### PROBLEM REQUIREMENTS
Return all the lines below exactly as written. Drop every picture.

### DATASET EXTRACT
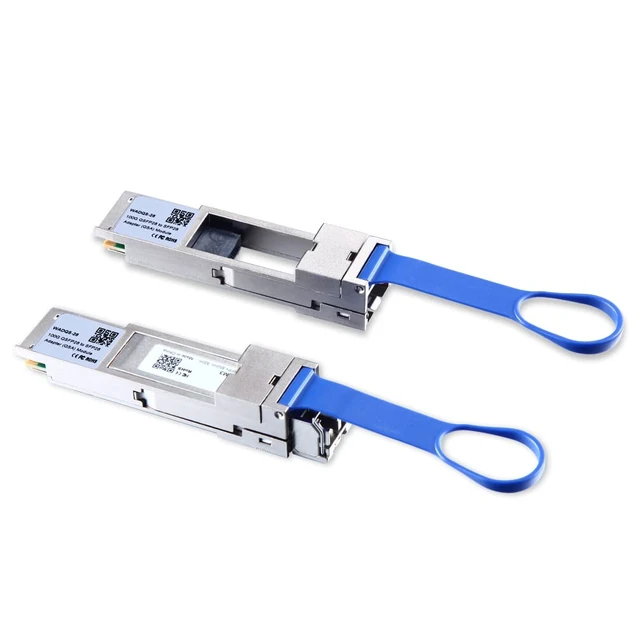 Alt view image 7 of 7 - ipolex QSA Adapter- 100G QSFP28 to 25G SFP28 SFP+ Adapter Converter Module, Compatible for Dell CVR-QSFP28-SFP28, Juniper, Arista, Extreme and More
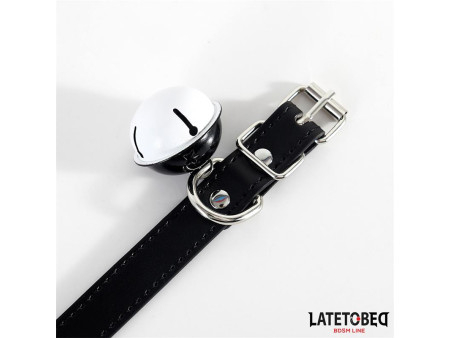 Collar con Cascabel Ajustable Negro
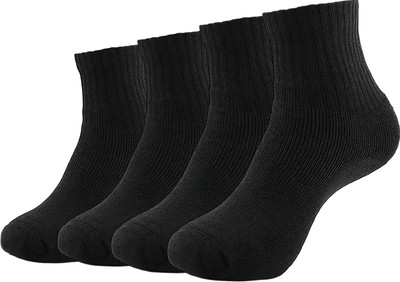 XOALT Unisex Solid Calf Length(Pack of 4)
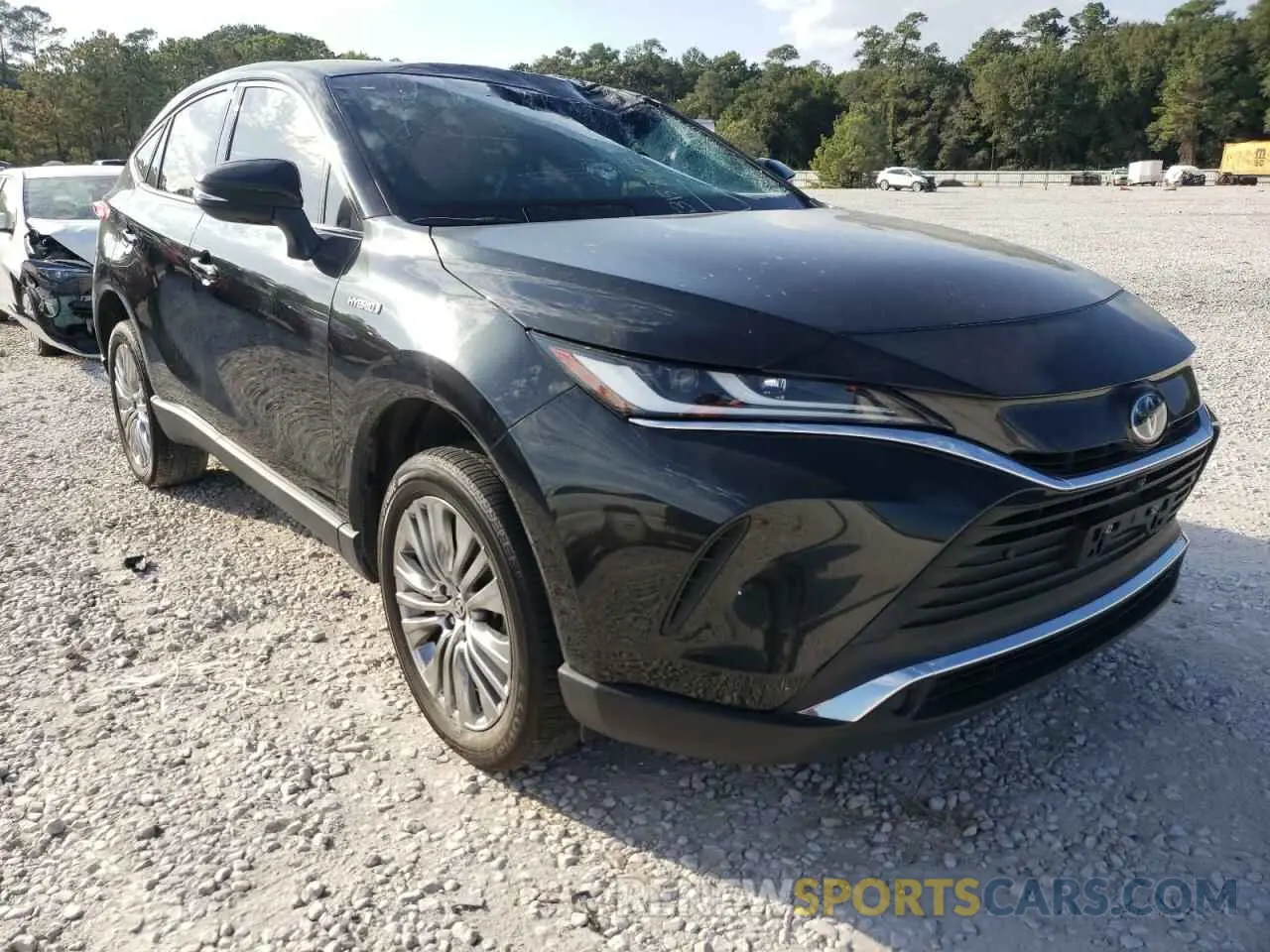 1 fotografías del automóvil dañado JTEAAAAH1MJ022208 TOYOTA VENZA 2021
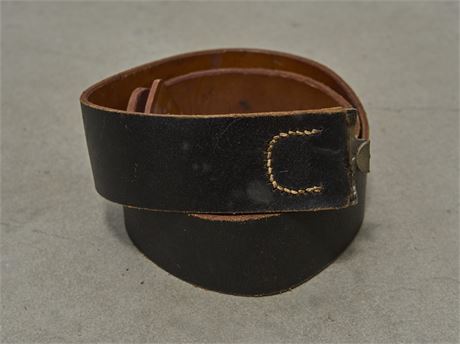 Black Leather Combat Belt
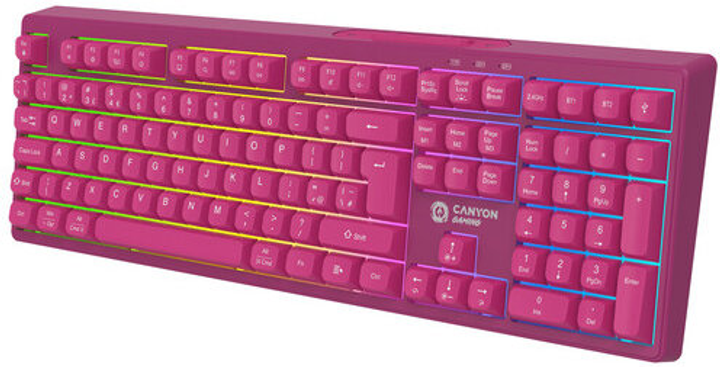 Klawiatura bezprzewodowa Canyon Fortnax GKW-2 Pink (CND-SKBW2) - obraz 4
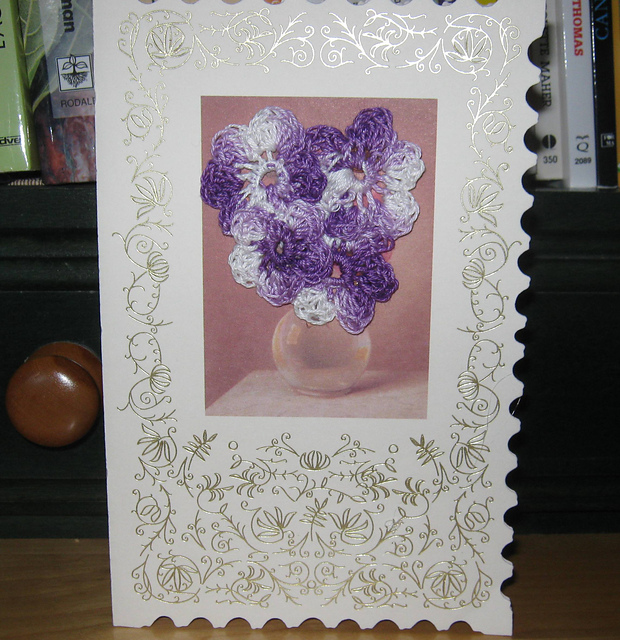 5 or 6 petal crochet flower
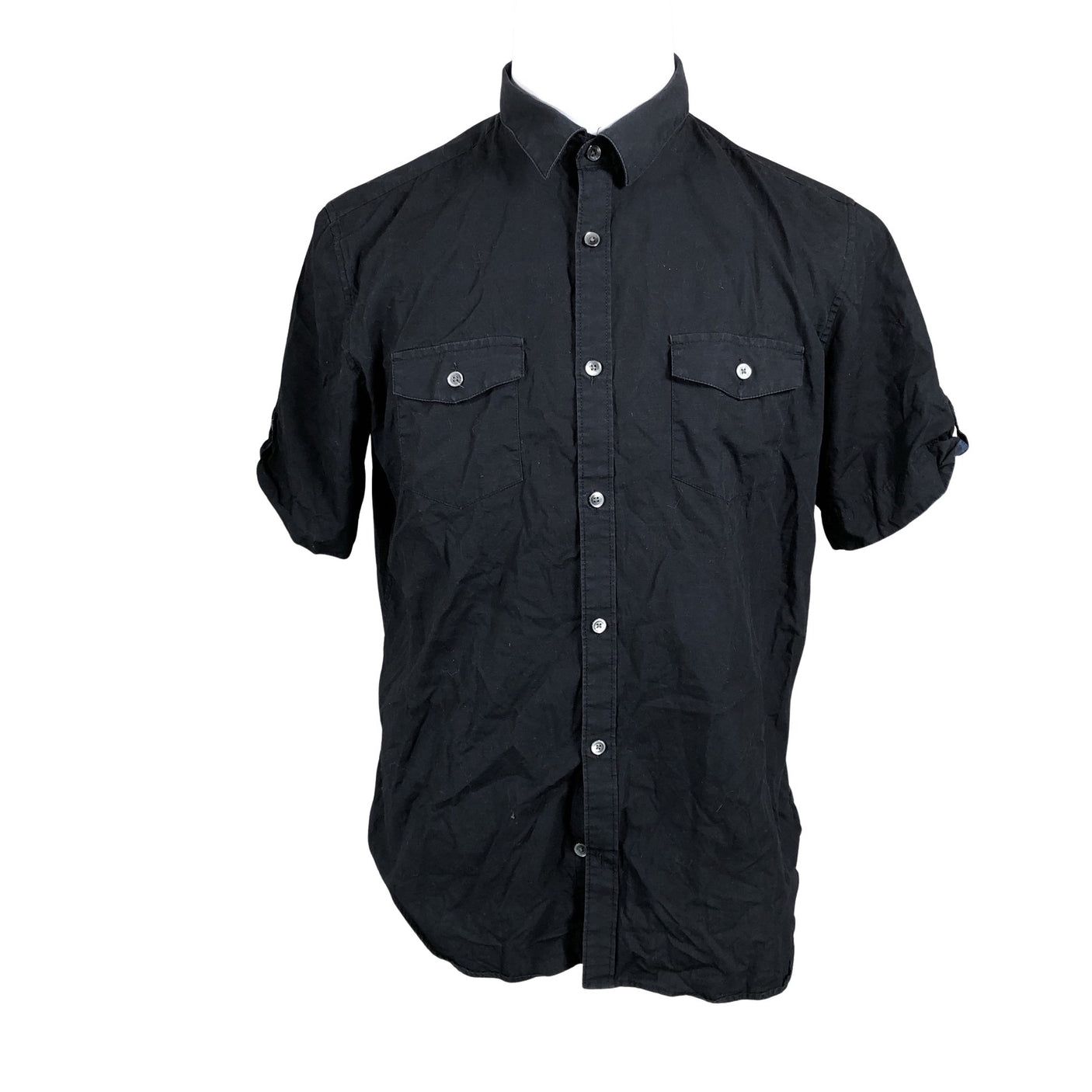 Unisex Calvin Klein - Collared shirt, size L - Black (1)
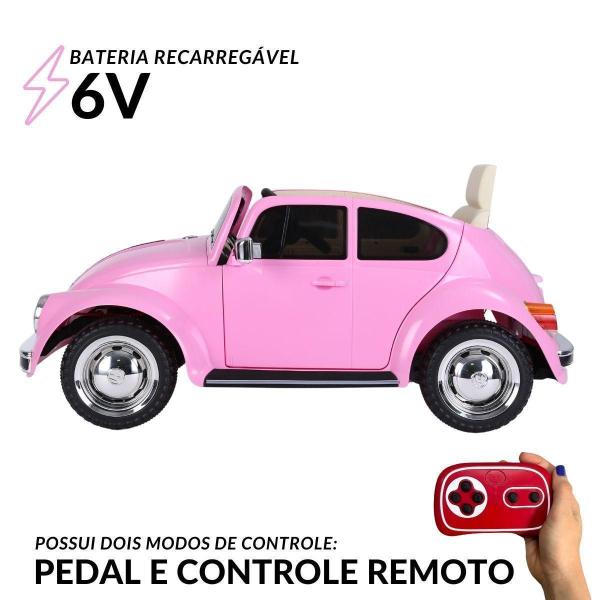Carrinho Elétrico Infantil Rosa Importway Beetle Dune Imagem de Carrinho Elétrico Infantil Rosa Importway Beetle Dune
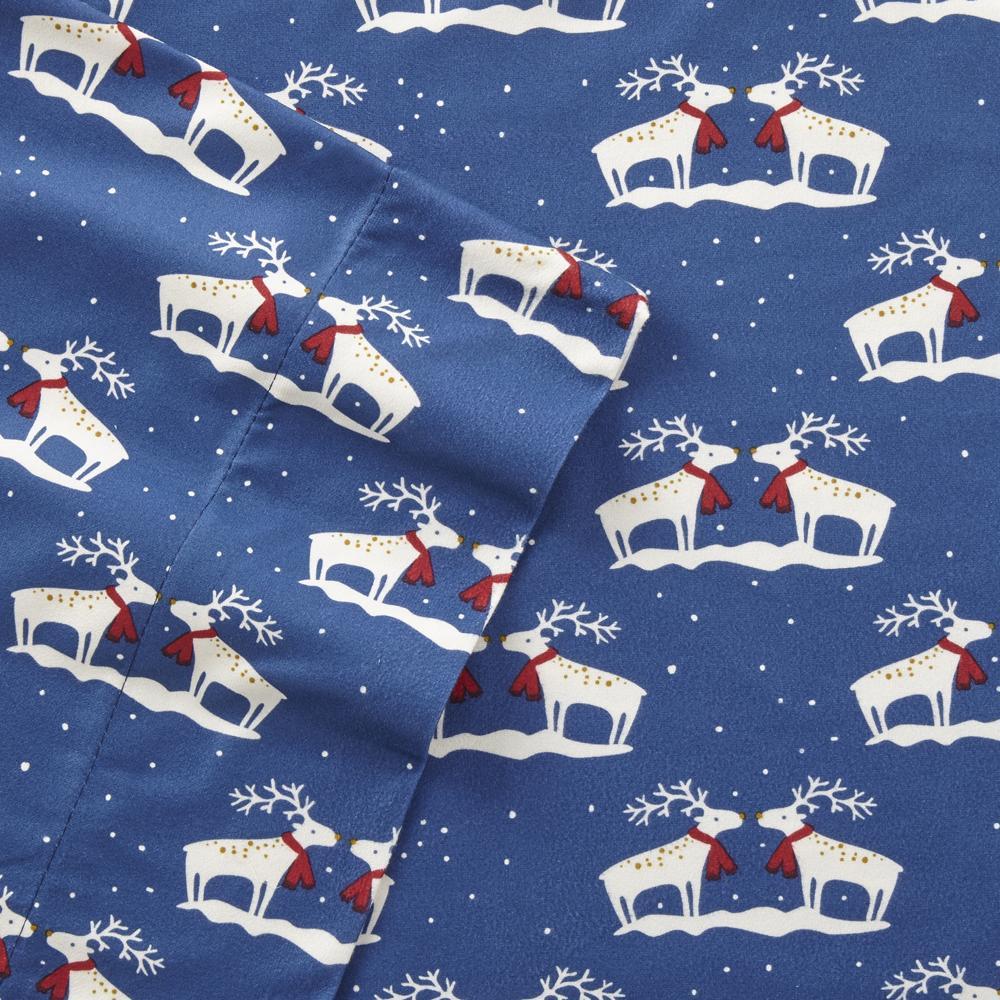 Shavel Home Products - Micro Flannel Printed Deep-Pocket Sheet Set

### ANSWER TO THE PROBLEM
 Alt view image 7 of 7 - ipolex QSA Adapter- 100G QSFP28 to 25G SFP28 SFP+ Adapter Converter Module, Compatible for Dell CVR-QSFP28-SFP28, Juniper, Arista, Extreme and More
 Collar con Cascabel Ajustable Negro
 XOALT Unisex Solid Calf Length(Pack of 4)
 1 fotografías del automóvil dañado JTEAAAAH1MJ022208 TOYOTA VENZA 2021
 Black Leather Combat Belt
 Klawiatura bezprzewodowa Canyon Fortnax GKW-2 Pink (CND-SKBW2) - obraz 4
 5 or 6 petal crochet flower
 Unisex Calvin Klein - Collared shirt, size L - Black (1)
Carrinho Elétrico Infantil Rosa Importway Beetle Dune Imagem de Carrinho Elétrico Infantil Rosa Importway Beetle Dune
 Shavel Home Products - Micro Flannel Printed Deep-Pocket Sheet Set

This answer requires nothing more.